Кассиры не успевали взимать входную плату. Люди совали деньги контролерам и полицейским или попросту бросали их в поставленные ящики. Турникеты вращались стремительно, как вентиляторы. Люди высыпали на территорию выставки, как песок из саморазгружающихся вагонов.
У входа братья столкнулись с посетителями, возвращавшимися с выставки. Даже Степан Григорьевич не мог сдержать улыбку, глядя на этих людей, самым странным образом нагруженных необыкновенными предметами.
Мокрый от пота, счастливо улыбающийся толстяк тащил голову какого-то робота, похожую на шлем с рыцарским забралом. Веснушчатый мальчишка победно размахивал отломанной от статуи рукой. Пастор в черной паре с накрахмаленным стоячим воротничком бережно нес стеклянную дощечку с надписью «Не входить». Девушки в долларовых шляпках прижимали к груди букеты только что сорванных с клумб цветов.

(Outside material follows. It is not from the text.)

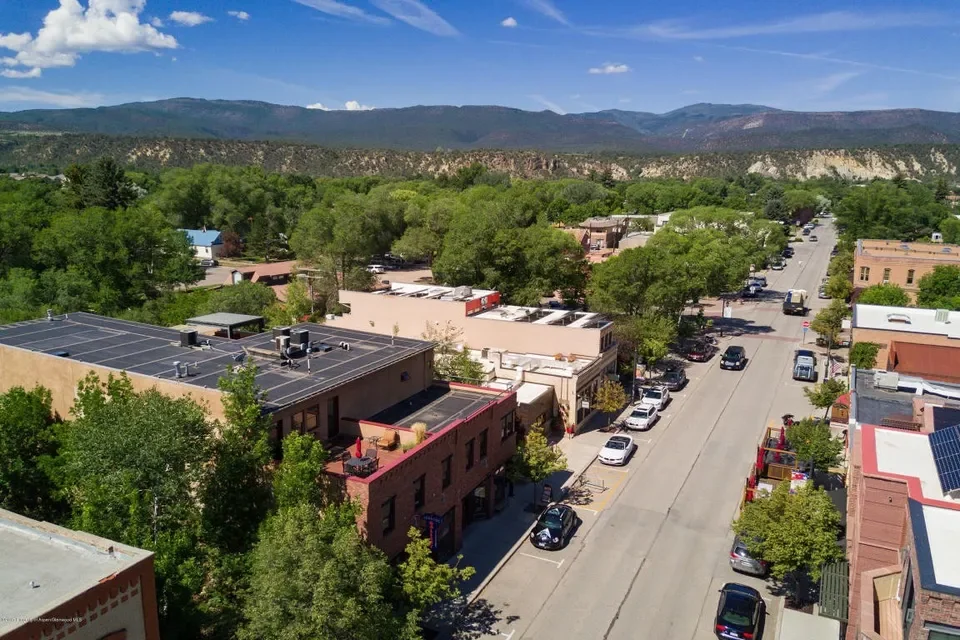 320-main-street-carbondale-suite-200-office-exterior-3.webp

Джентльмены в мягких фетровых шляпах хвастались друг перед другом отвинченными гайками, болтами, рычагами. Негр-лифтер нес легкую складную лесенку. Какой-то бледный человек катил перед собой тачку; из нее торчали автомобильная покрышка, деревянный индейский божок и обыкновенный поднос из кафетерия.
Степан Григорьевич незаметно поддерживал Андрея, на которого это зрелище производило угнетающее впечатление. Степан Григорьевич говорил:
– Не удивляйся, Андрюша. Американцы склонны к эксцентричности. В данном же случае это стало возобновлением своеобразной традиции.
Они проходили теперь мимо павильонов. Большое окно в одном из зданий было выбито, и им пользовались как дверью. Снаружи было видно, что около экспонатов копошатся люди. С одинаковым усердием орудовали захваченными из дому инструментами и джентльмены, и мальчишки, и техасский ковбой, и нарядная леди.